* _Task_: Find "Nadéne Seraphina Corset" below and begin at its line; stop after the line with "dioxido de cloro es toxico". Output those lines exactly, without pictures.

* _Data provided_:
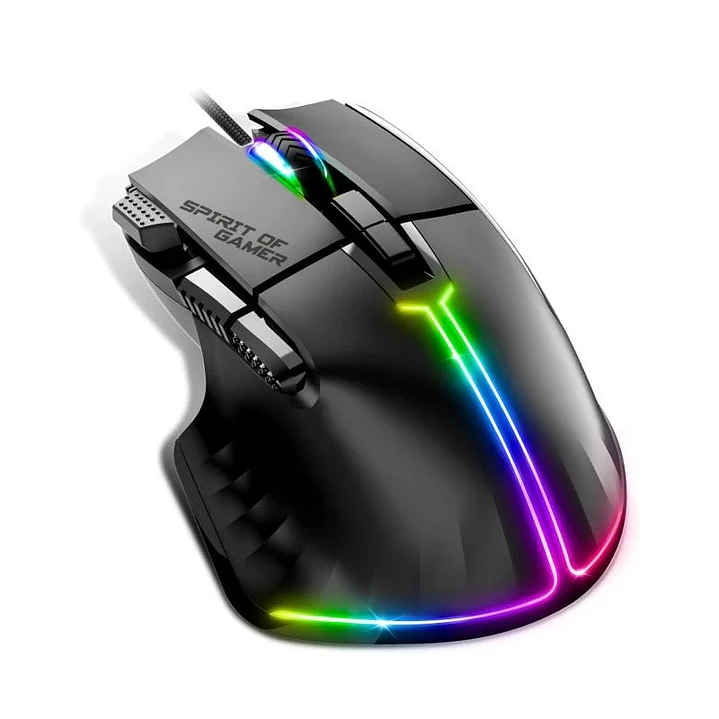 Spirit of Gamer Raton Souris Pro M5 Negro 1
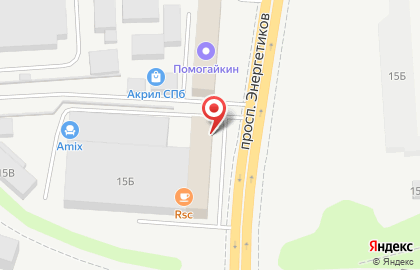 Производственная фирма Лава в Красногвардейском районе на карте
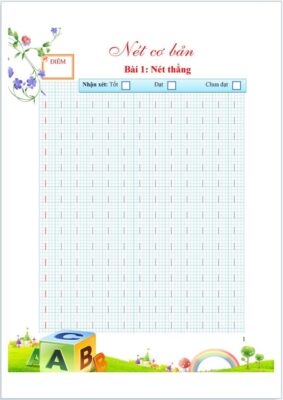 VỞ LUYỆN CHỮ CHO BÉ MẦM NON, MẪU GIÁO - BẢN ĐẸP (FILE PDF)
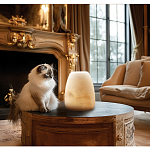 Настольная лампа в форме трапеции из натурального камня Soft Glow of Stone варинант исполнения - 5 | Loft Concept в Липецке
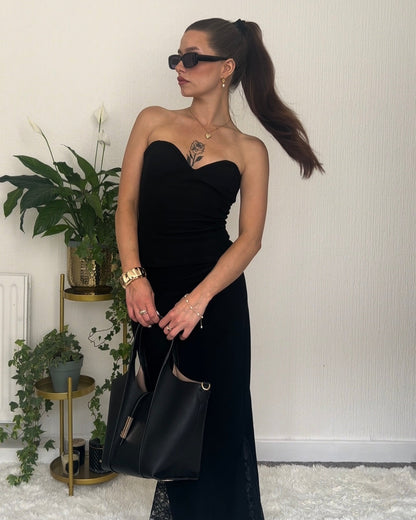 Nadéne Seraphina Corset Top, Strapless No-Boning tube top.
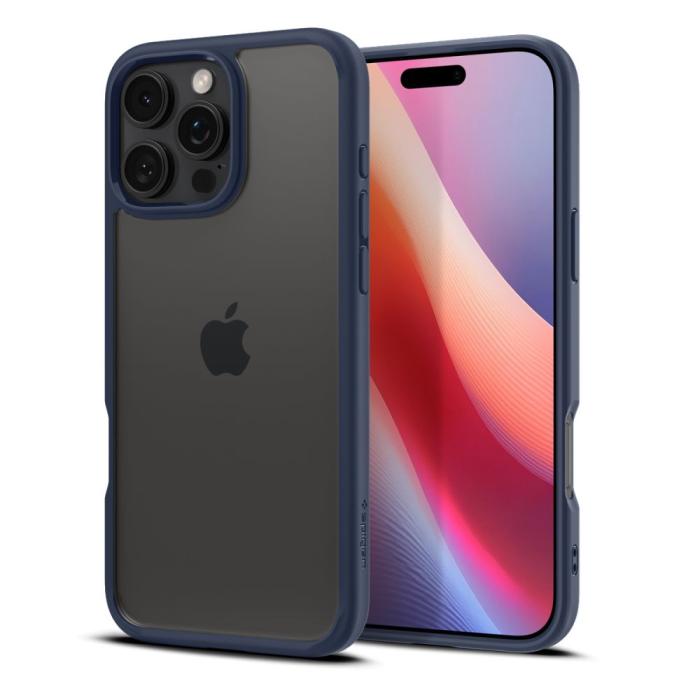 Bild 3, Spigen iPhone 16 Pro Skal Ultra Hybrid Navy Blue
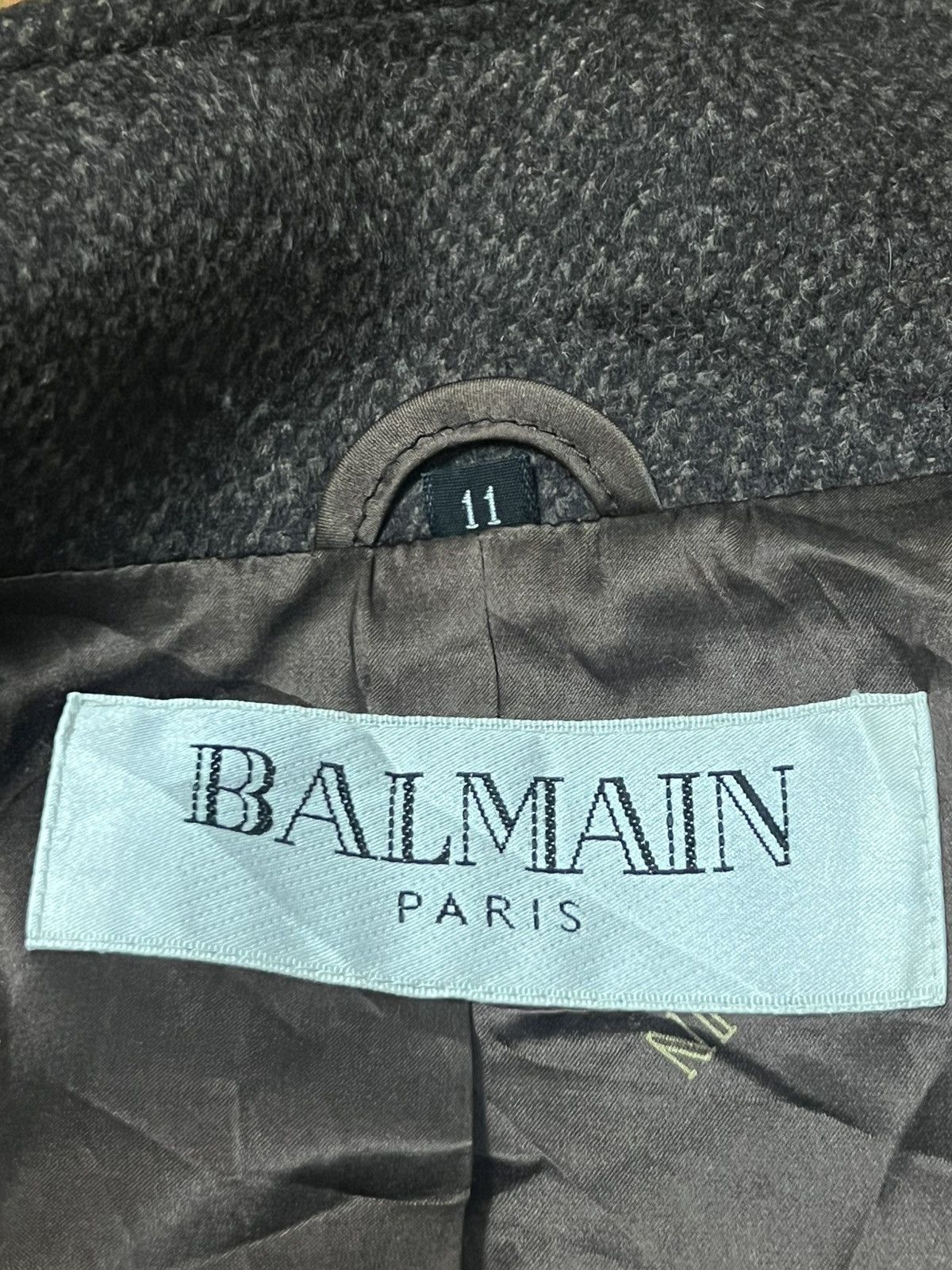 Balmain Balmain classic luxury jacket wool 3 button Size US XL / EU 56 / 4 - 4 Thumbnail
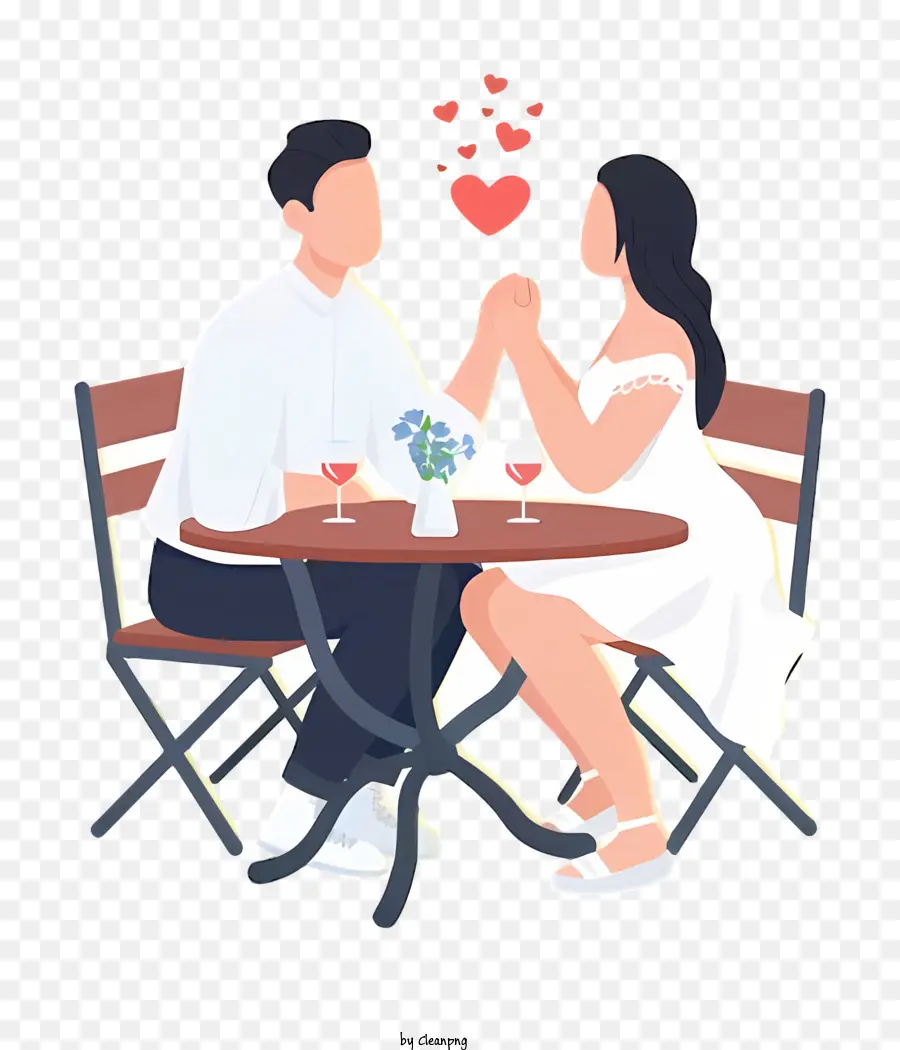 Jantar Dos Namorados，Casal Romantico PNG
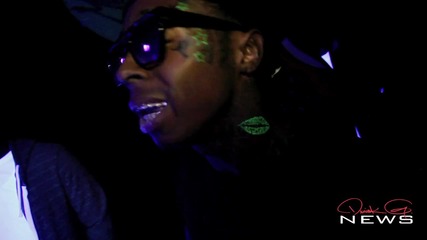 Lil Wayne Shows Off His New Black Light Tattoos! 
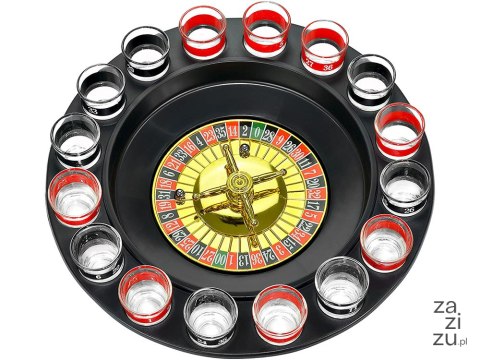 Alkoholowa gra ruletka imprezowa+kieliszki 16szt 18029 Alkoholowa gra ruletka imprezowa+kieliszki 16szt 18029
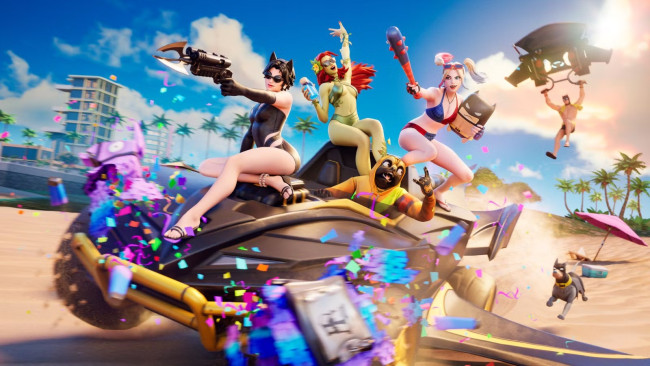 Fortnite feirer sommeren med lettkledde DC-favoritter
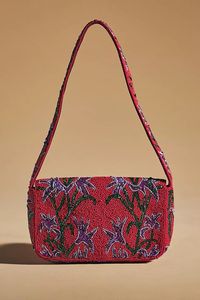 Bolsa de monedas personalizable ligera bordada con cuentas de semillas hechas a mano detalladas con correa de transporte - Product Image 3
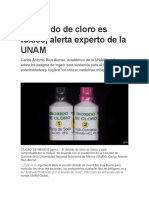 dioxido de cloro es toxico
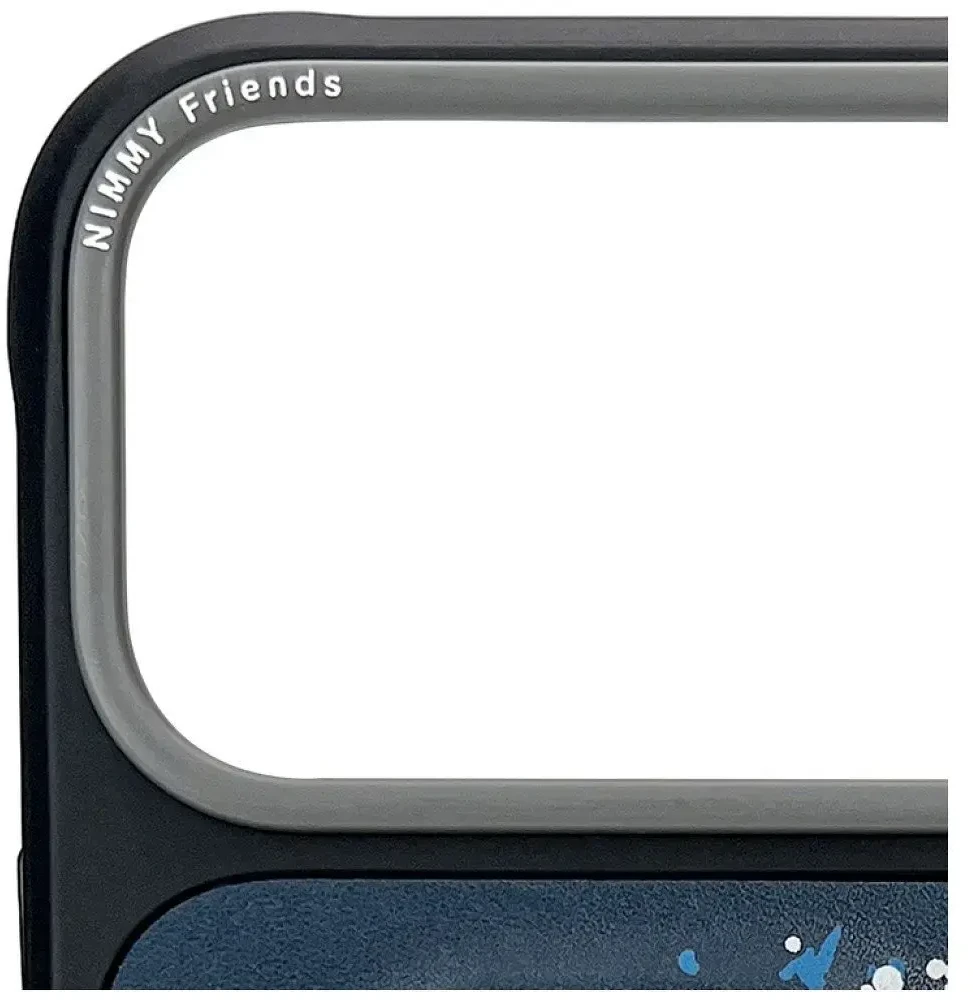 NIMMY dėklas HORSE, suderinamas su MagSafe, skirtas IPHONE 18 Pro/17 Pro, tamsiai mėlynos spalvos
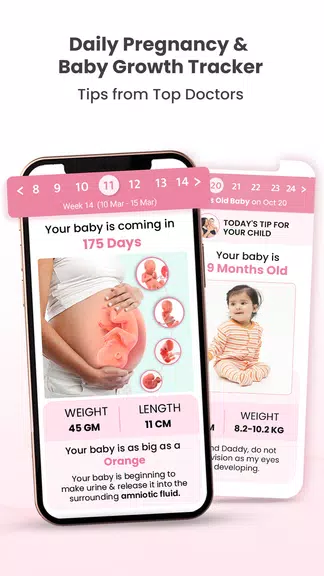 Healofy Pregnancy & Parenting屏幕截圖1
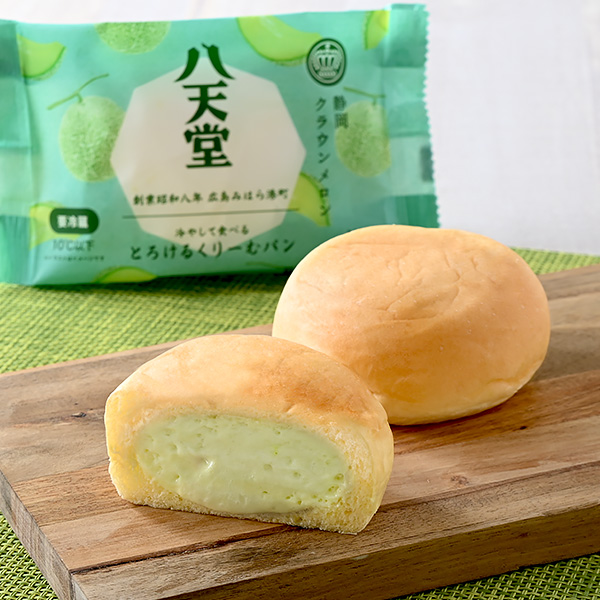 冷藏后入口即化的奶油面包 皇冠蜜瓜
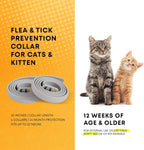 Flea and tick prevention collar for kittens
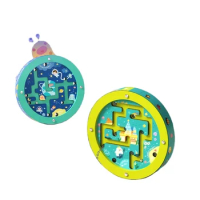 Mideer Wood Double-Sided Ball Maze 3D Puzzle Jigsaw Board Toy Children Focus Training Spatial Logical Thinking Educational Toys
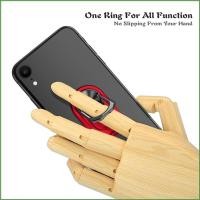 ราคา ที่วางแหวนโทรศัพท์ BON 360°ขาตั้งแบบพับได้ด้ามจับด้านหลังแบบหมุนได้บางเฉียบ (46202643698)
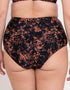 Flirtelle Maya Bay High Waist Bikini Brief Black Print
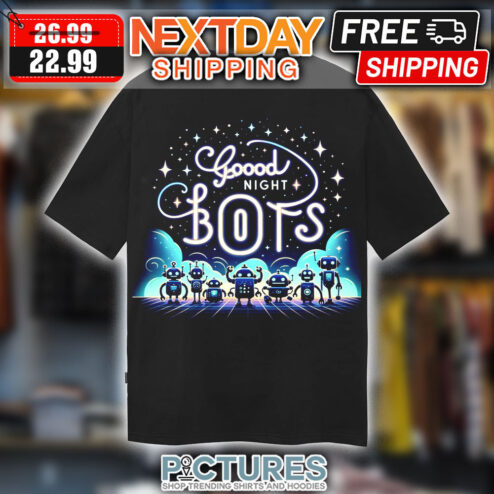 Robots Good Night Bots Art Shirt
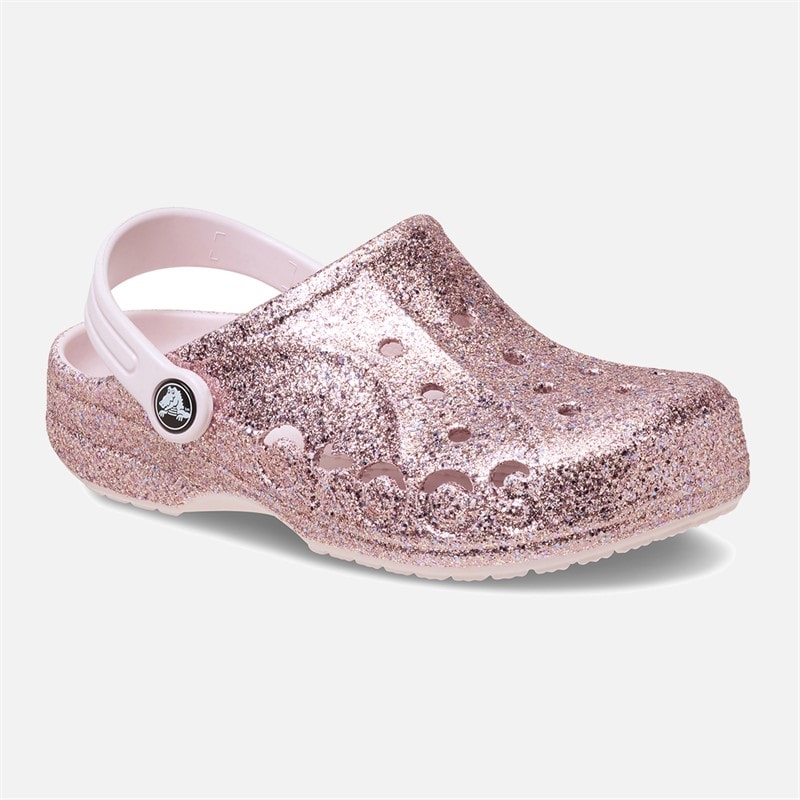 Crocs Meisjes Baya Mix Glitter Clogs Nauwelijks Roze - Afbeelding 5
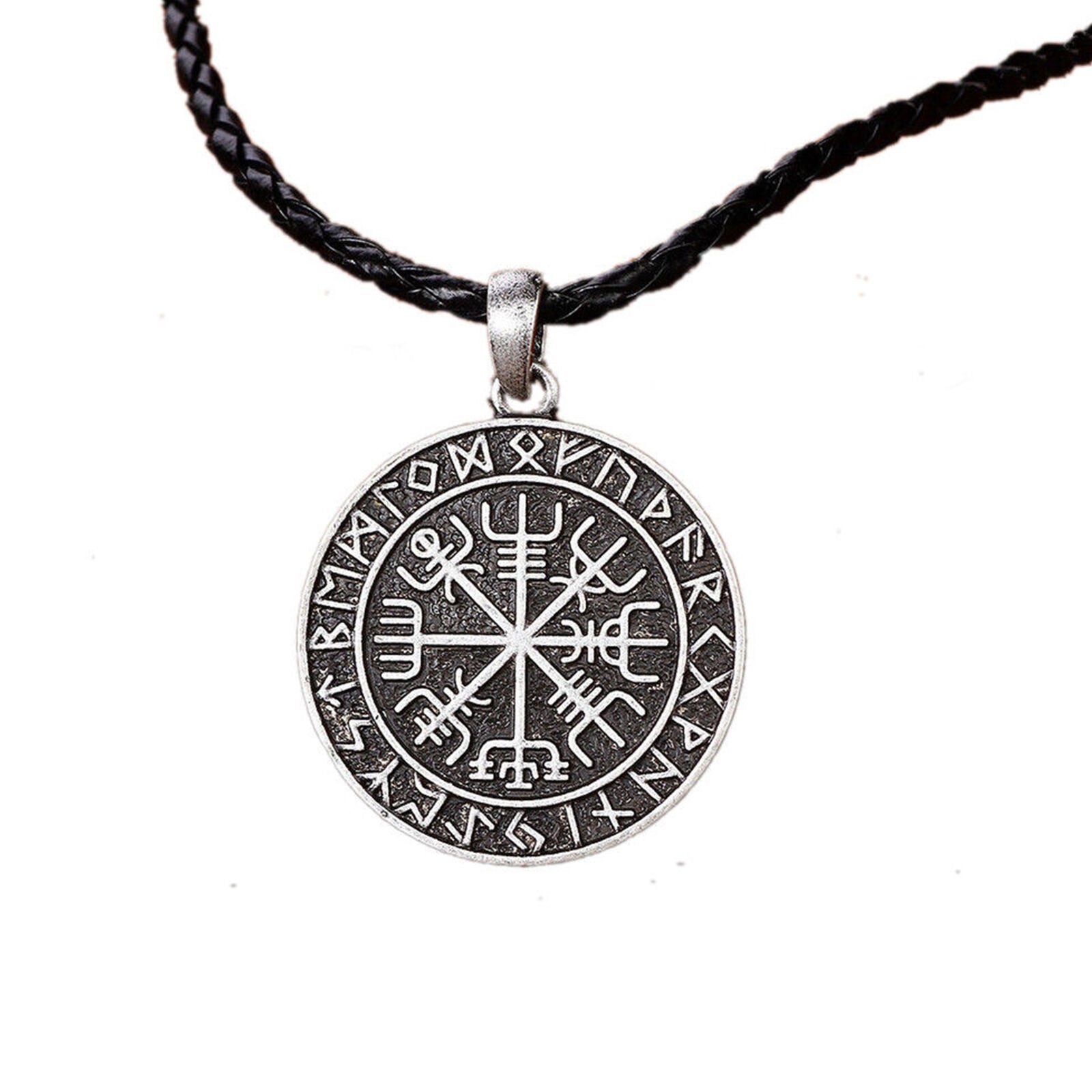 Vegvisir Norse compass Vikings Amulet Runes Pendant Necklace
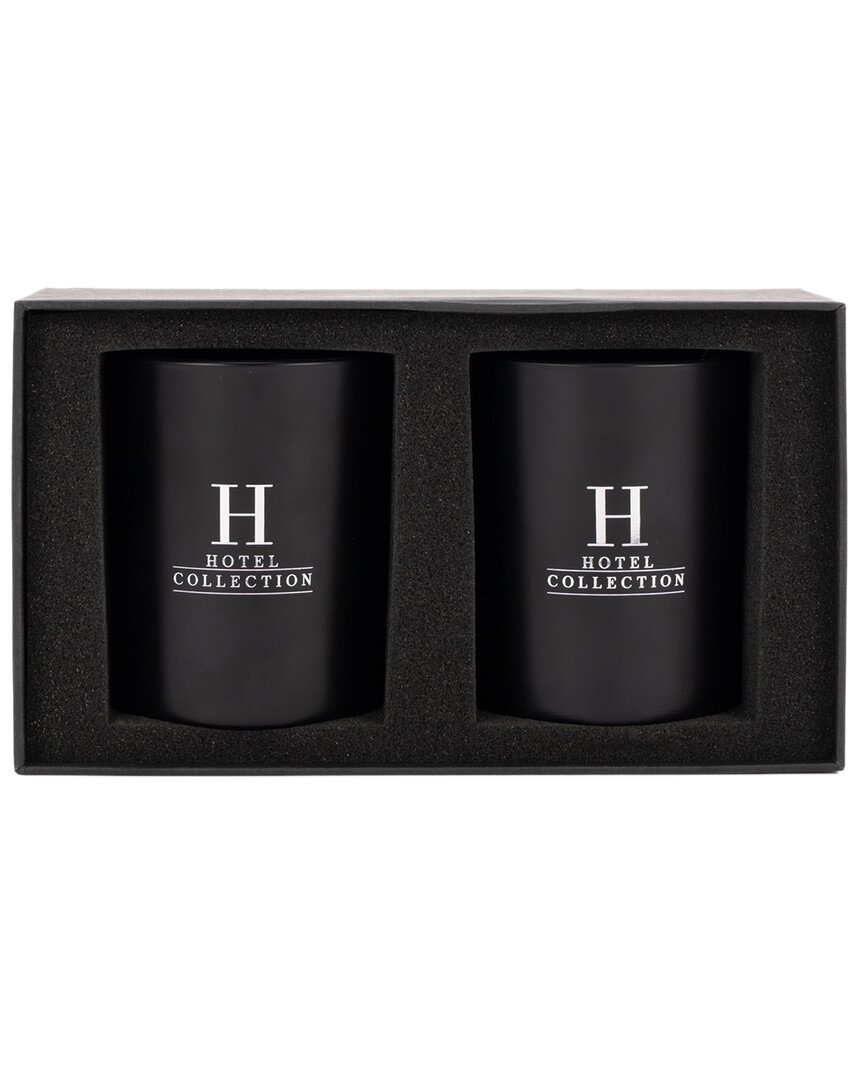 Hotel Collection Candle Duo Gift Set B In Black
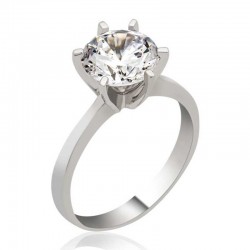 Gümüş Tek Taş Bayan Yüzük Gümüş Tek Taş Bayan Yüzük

* _Finished exercise_:
 Nadéne Seraphina Corset Top, Strapless No-Boning tube top.
 Bild 3, Spigen iPhone 16 Pro Skal Ultra Hybrid Navy Blue
 Balmain Balmain classic luxury jacket wool 3 button Size US XL / EU 56 / 4 - 4 Thumbnail
 Jantar Dos Namorados，Casal Romantico PNG
 Lil Wayne Shows Off His New Black Light Tattoos! 
 Alkoholowa gra ruletka imprezowa+kieliszki 16szt 18029 Alkoholowa gra ruletka imprezowa+kieliszki 16szt 18029
 Fortnite feirer sommeren med lettkledde DC-favoritter
 Bolsa de monedas personalizable ligera bordada con cuentas de semillas hechas a mano detalladas con correa de transporte - Product Image 3
 dioxido de cloro es toxico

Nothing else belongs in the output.